▶ _What this task involves_:
An exact copy of all records is expected, minus the images.

▶ _Records supplied_:

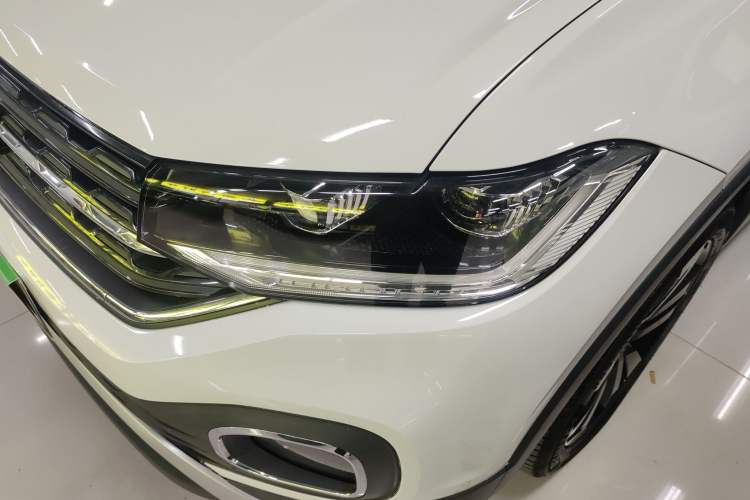 Used Volkswagen Tacqua 2020 1.5L Automatic Yue
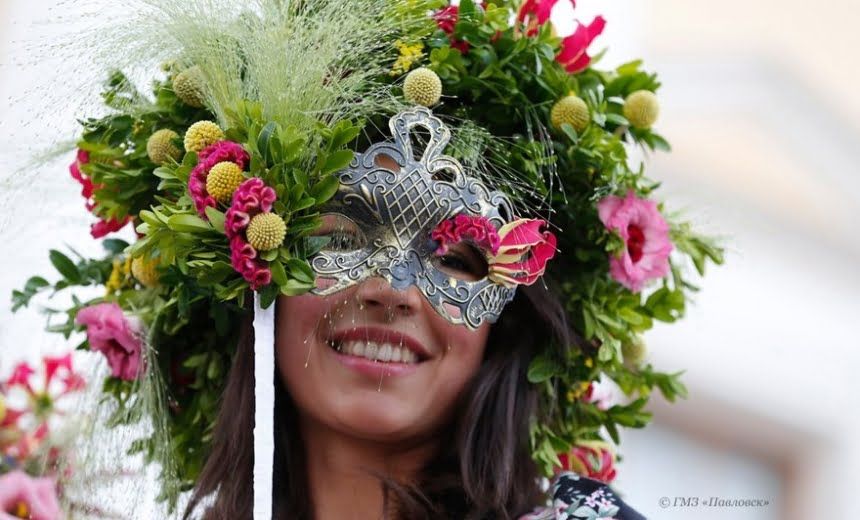 u0424u0435u0441u0442u0438u0432u0430u043bu044c u00abu0418u043cu043fu0435u0440u0430u0442u043eu0440u0441u043au0438u0439 u0431u0443u043au0435u0442u00bb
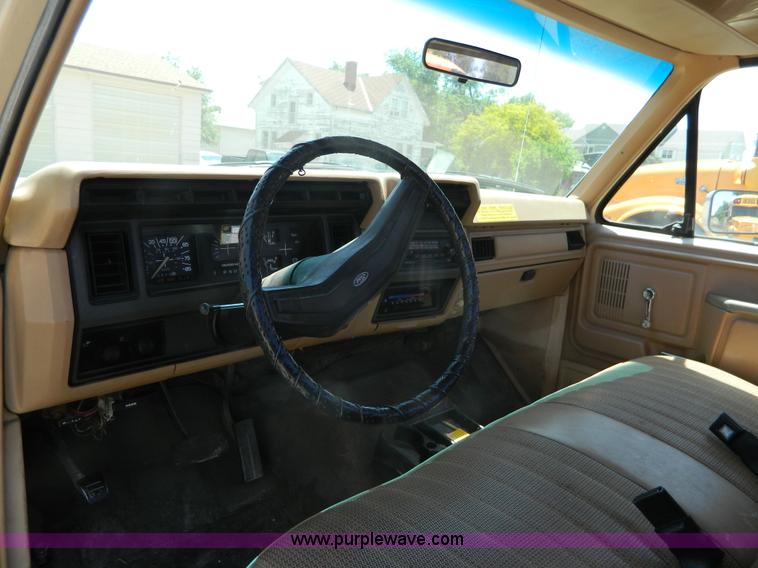 image for item K8086 1985 Ford F150 pickup truck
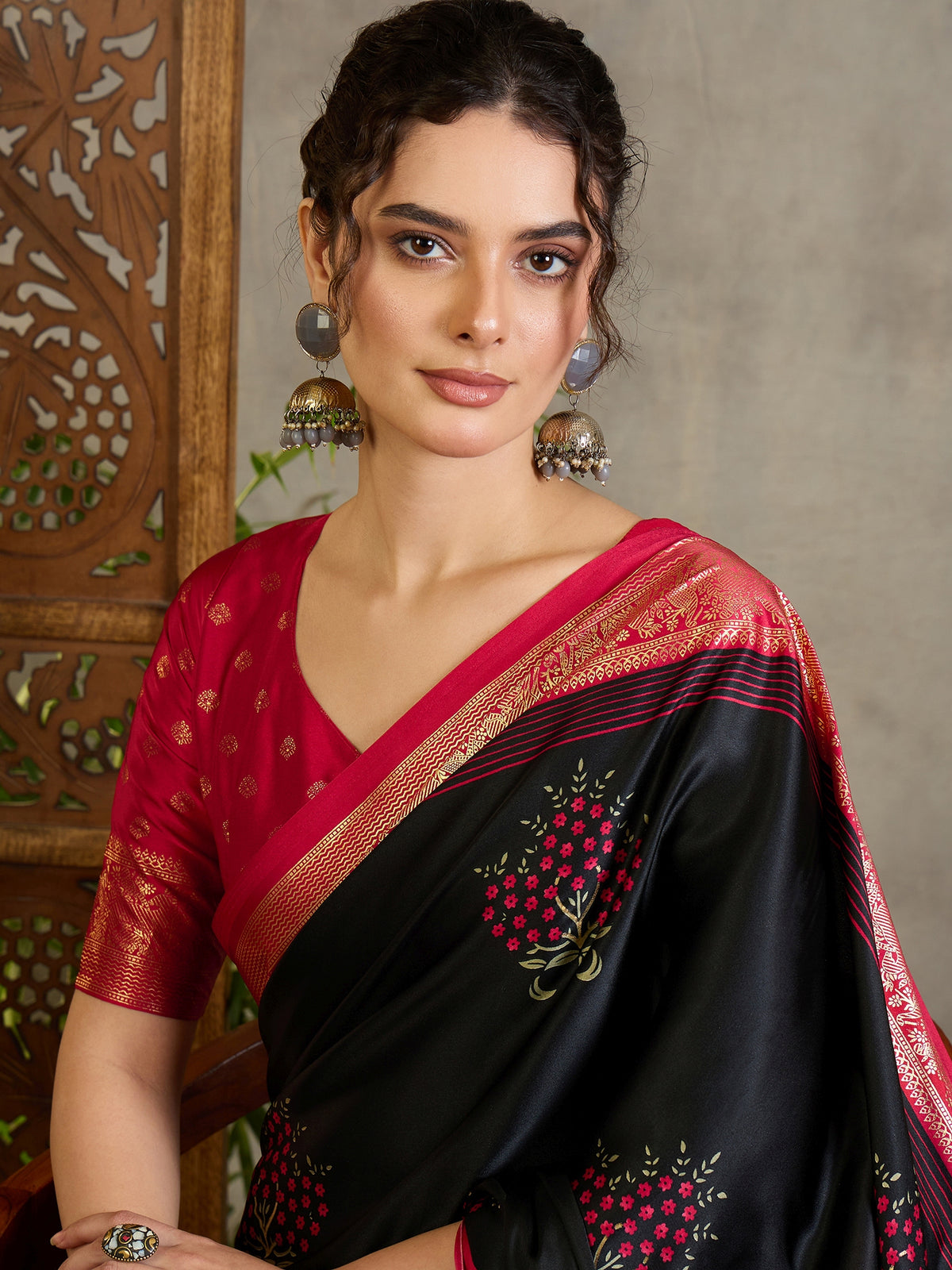 Divine Wedding Wear Silk Jacquard Border Rich Pallu Designer Saree With Unstitched Blouse Piece
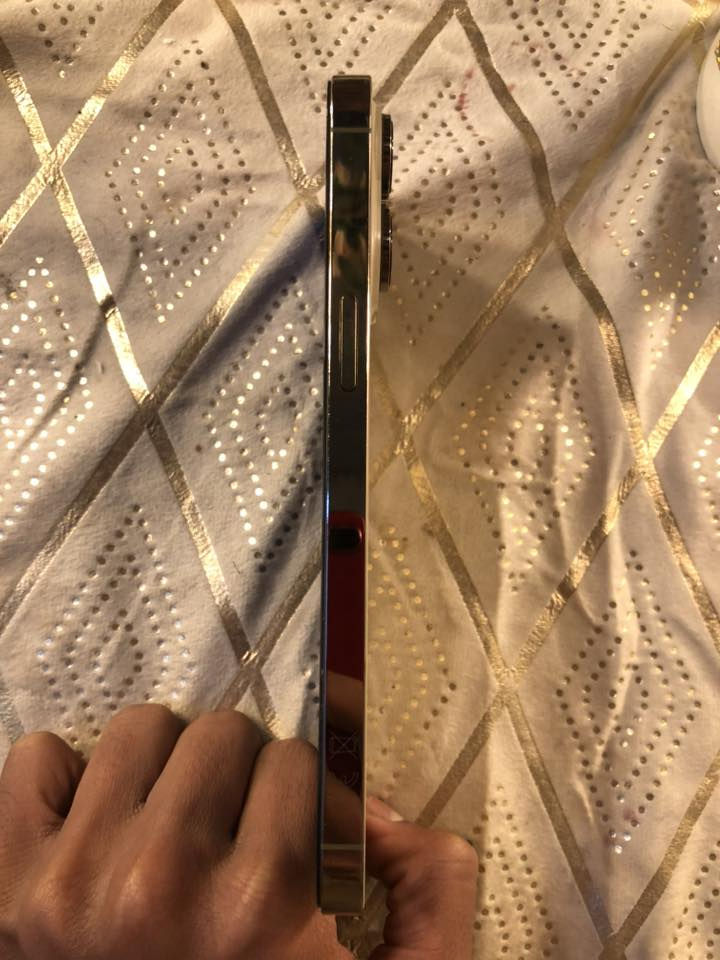 سلام عليكم مبايل ايفون 14 برو ماكس نضيف مبدل بي فقط شاشه من الصين جبته اصليه وبيه 3 خيارات طبق الاصل الباقي مكفول بطاريه 82 ذاكرته 256 السعر 800 الف التواصل *********** مكاني بغداد مدينه الصدر
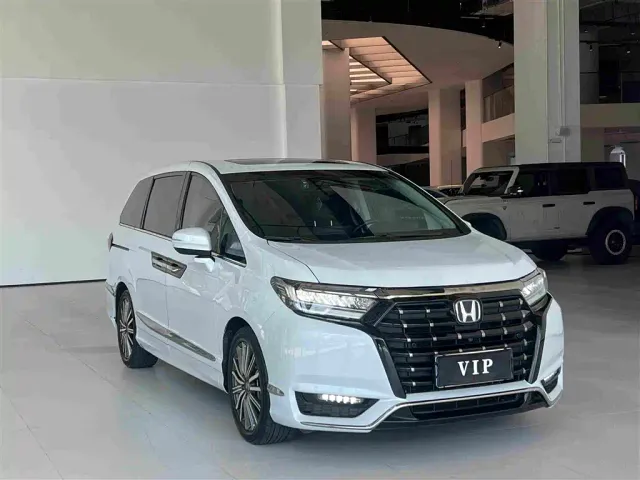 Honda Elysion — Фото автомобиля 3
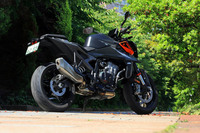 2024年2月に発表、この7月に発売される「KTM 990デューク」。「890デューク」の後継モデルで、エンジン、フレーム、デザインと全面刷新された。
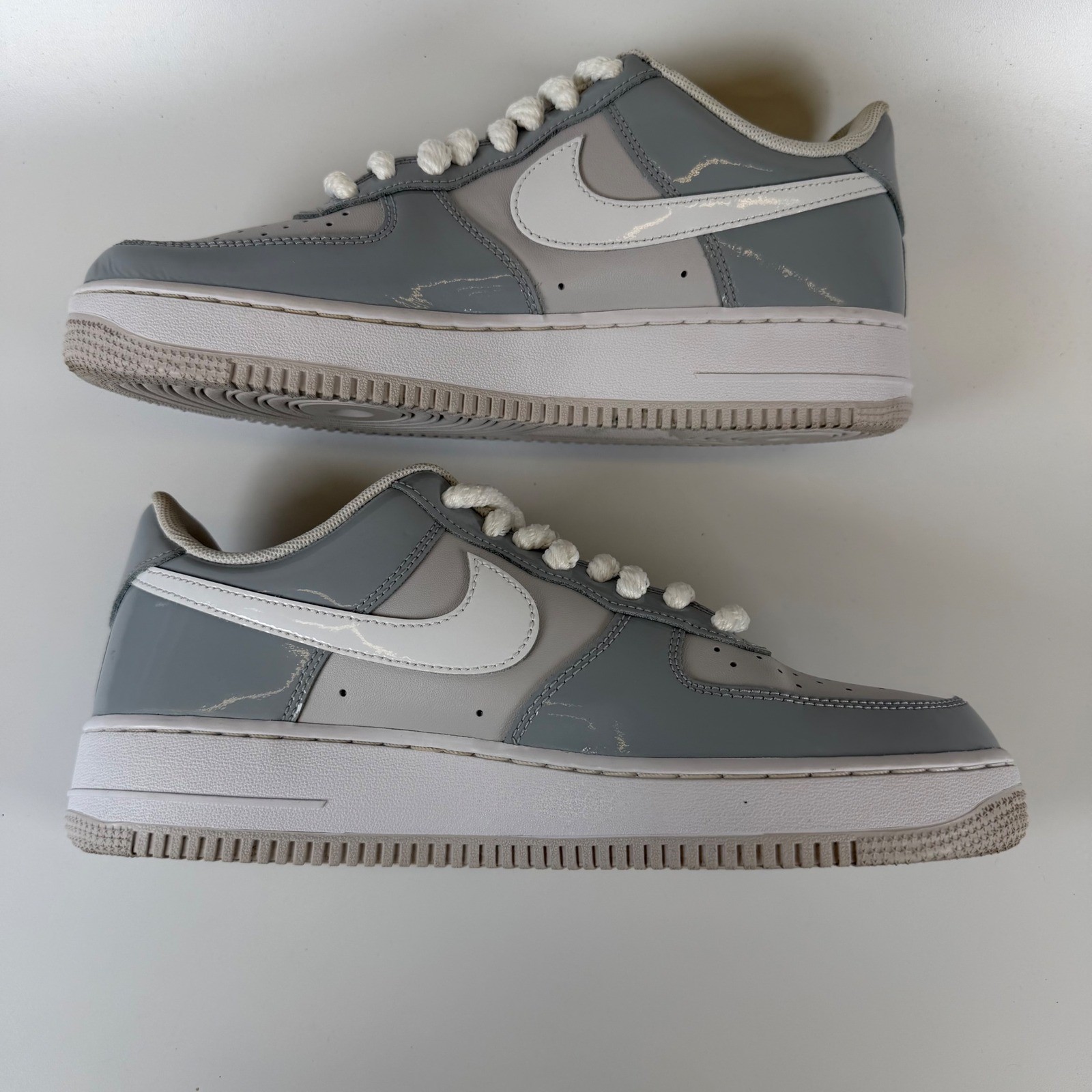 Nike Air Force 1 Low 07 LV8 Wolf Grey Vast Grey White HV9405-001 Mens Size 9.5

▶ _Response area_:
 Used Volkswagen Tacqua 2020 1.5L Automatic Yue
 u0424u0435u0441u0442u0438u0432u0430u043bu044c u00abu0418u043cu043fu0435u0440u0430u0442u043eu0440u0441u043au0438u0439 u0431u0443u043au0435u0442u00bb
 image for item K8086 1985 Ford F150 pickup truck
 Divine Wedding Wear Silk Jacquard Border Rich Pallu Designer Saree With Unstitched Blouse Piece
 سلام عليكم مبايل ايفون 14 برو ماكس نضيف مبدل بي فقط شاشه من الصين جبته اصليه وبيه 3 خيارات طبق الاصل الباقي مكفول بطاريه 82 ذاكرته 256 السعر 800 الف التواصل *********** مكاني بغداد مدينه الصدر
 Honda Elysion — Фото автомобиля 3
 2024年2月に発表、この7月に発売される「KTM 990デューク」。「890デューク」の後継モデルで、エンジン、フレーム、デザインと全面刷新された。
 Nike Air Force 1 Low 07 LV8 Wolf Grey Vast Grey White HV9405-001 Mens Size 9.5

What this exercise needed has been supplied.